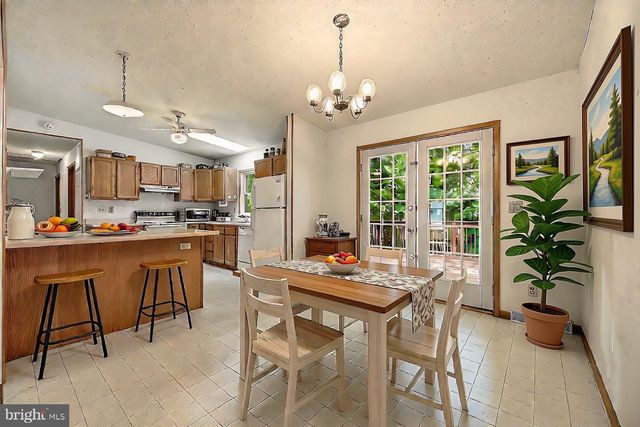 491 REDWOOD LN, Lusby, MD 20657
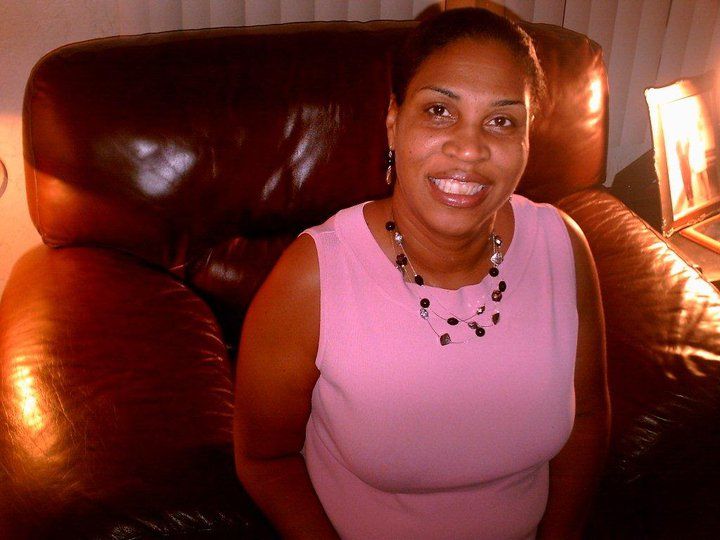 Denise Ford - Class of 1982 - Merrimack High School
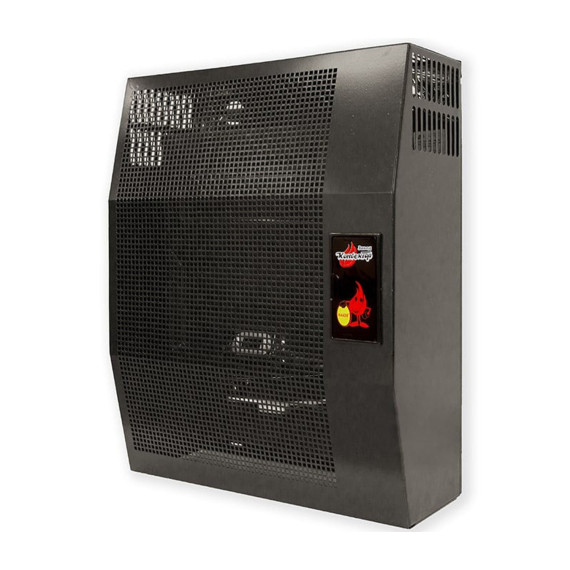 gas heater AKOG 2-(H)-SP (BK)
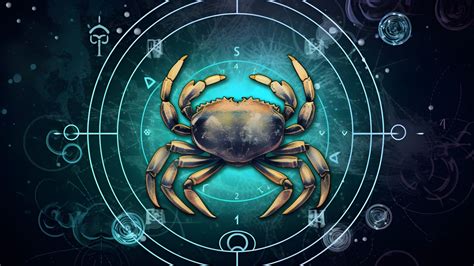 Cancer Man: Zodiac Sign Characteristics, Horoscope, Psychology and ...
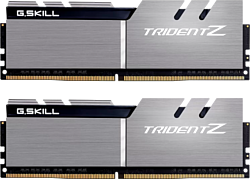 G.SKILL Trident Z F4-3200C16D-32GTZSK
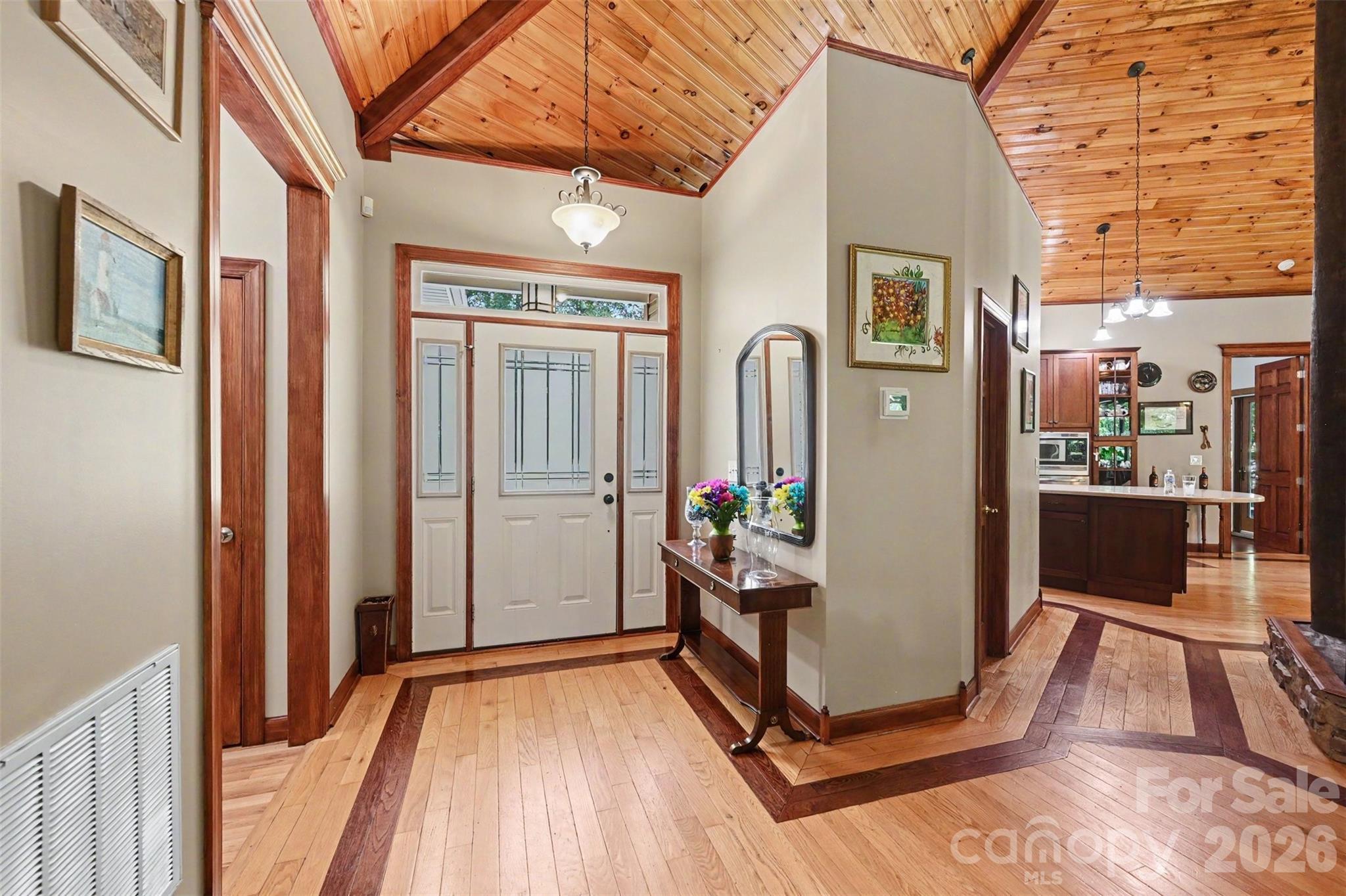 1837 White Ibis Court — Clover
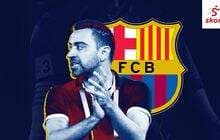 Skor 7: Rapor Xavi Hernandez dan Pelatih Barcelona Lainnya dalam 50 Laga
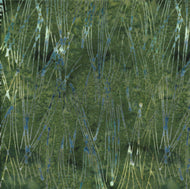 Island Batik (722203685) Green Pineneedles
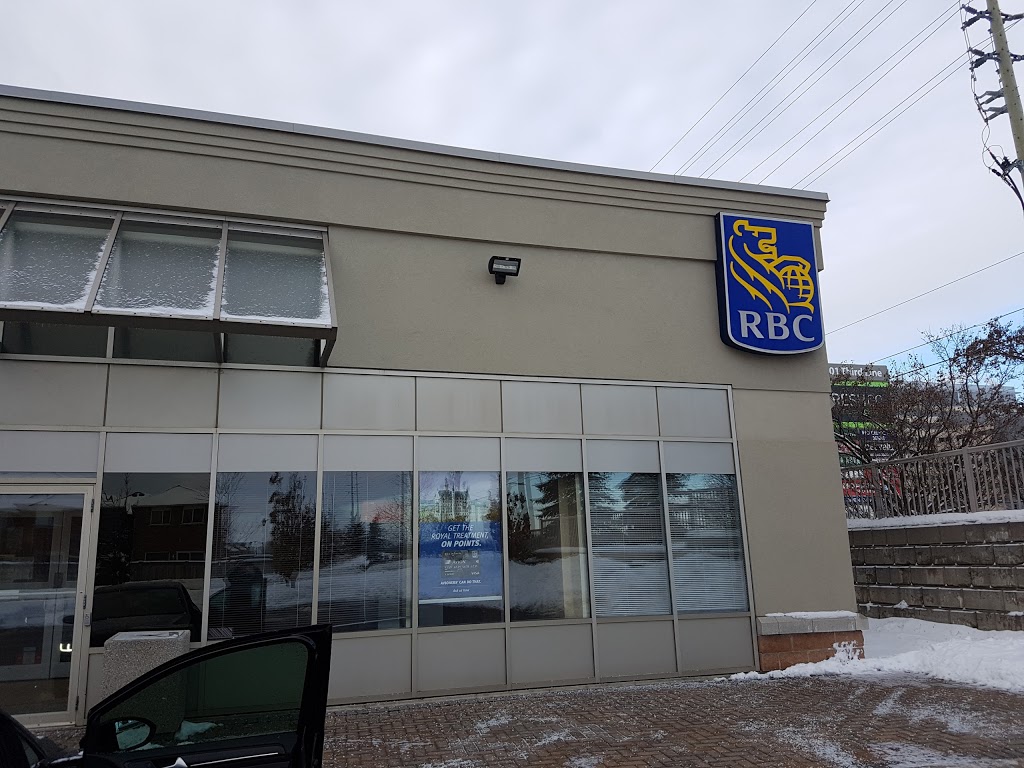 RBC Royal Bank | 2501 Third Line, Oakville, ON L6M 5A9, Canada | Phone: (905) 469-8807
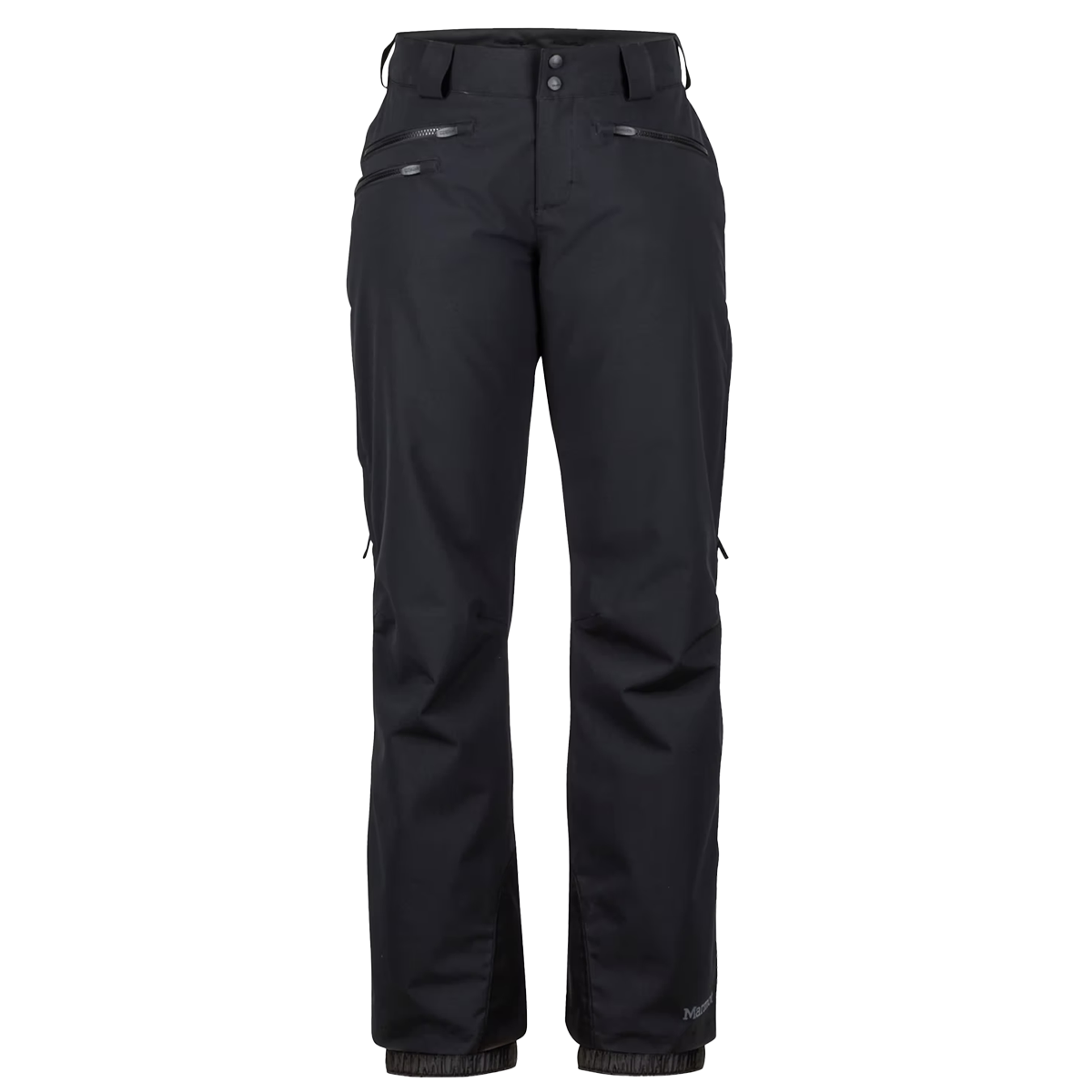 Misty Mountain Women's Size Medium Insulated Pants for Snow Sports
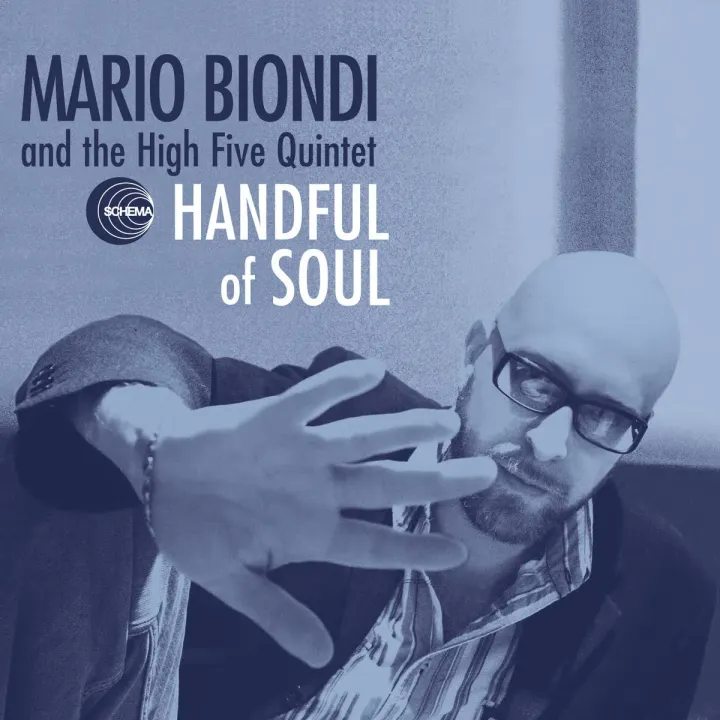 Handful of Soul – Mario Biondi & The High Five Quintet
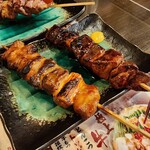 筑前屋 - 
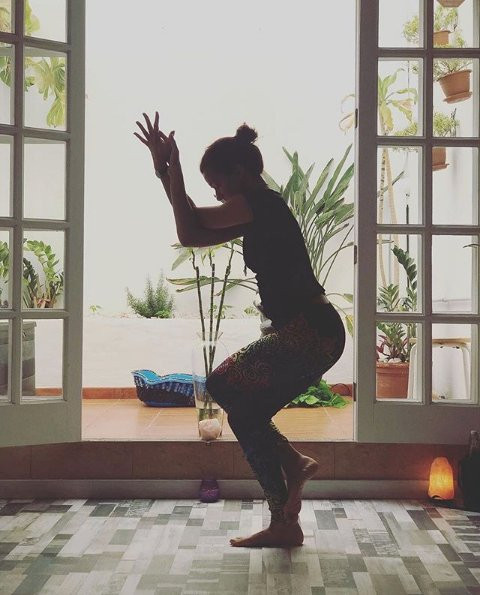 Centro de Yoga Mar 8 Garita景点图片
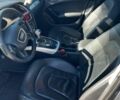 Серый Ауди А4, объемом двигателя 1.98 л и пробегом 267 тыс. км за 9900 $, фото 4 на Automoto.ua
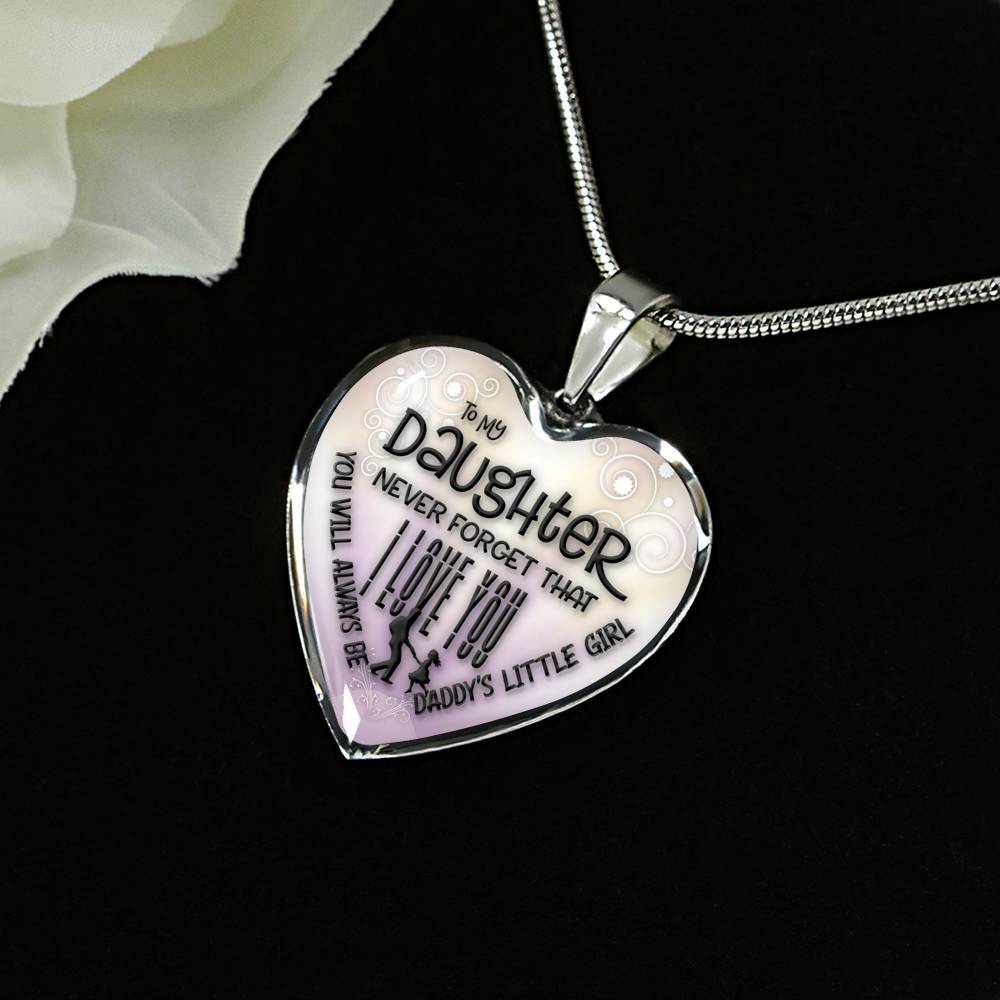 Never Forget - Necklace - Touch Of Divine
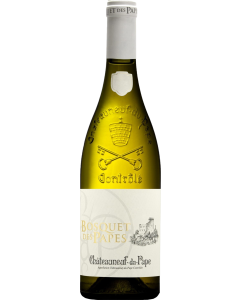 Bosquet des Papes Chateauneuf Du Pape Blanc Tradition 2024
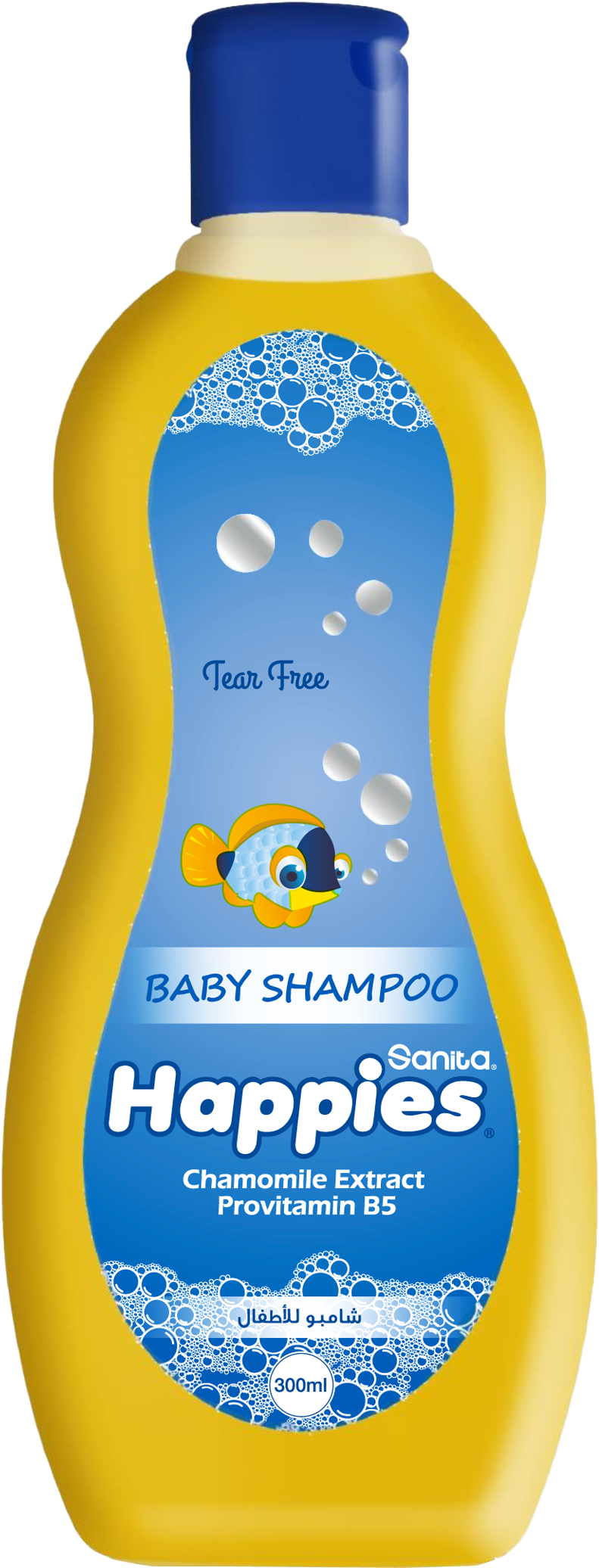 Plastic Bottle (1062x2250), Png Download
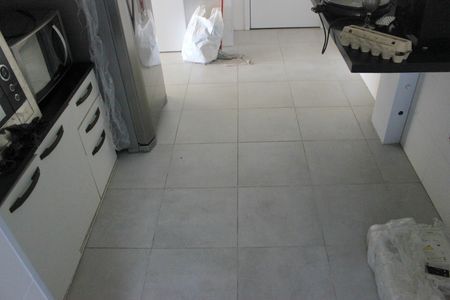 Apartamento para alugar com 110m², 3 quartos e 2 vagasCozinha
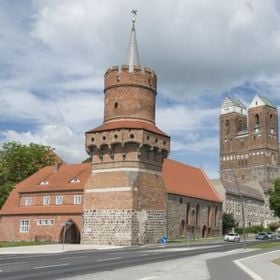 Stadtrundgang "Vergessene Berufe"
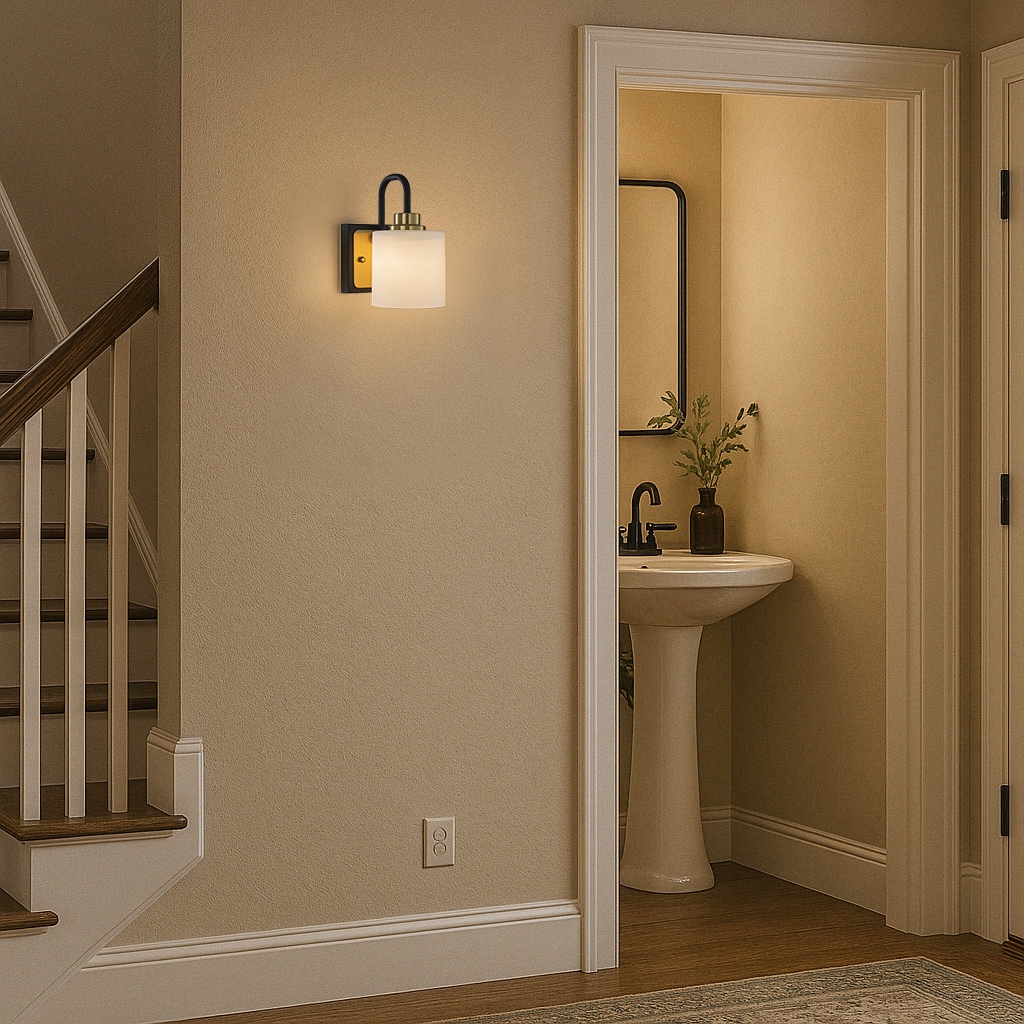 AloaDecor Lighting L7459W1205A b089995 - View #5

————

| What you will do |
Copy the final stretch of lines, starting at the one that holds "Plastic Bottle (1062x2250), Png Download" and ending at the last line of the data, exactly; omit pictures.

| Response to the task |
 Plastic Bottle (1062x2250), Png Download
 Apartamento para alugar com 110m², 3 quartos e 2 vagasCozinha
 Stadtrundgang "Vergessene Berufe"
 AloaDecor Lighting L7459W1205A b089995 - View #5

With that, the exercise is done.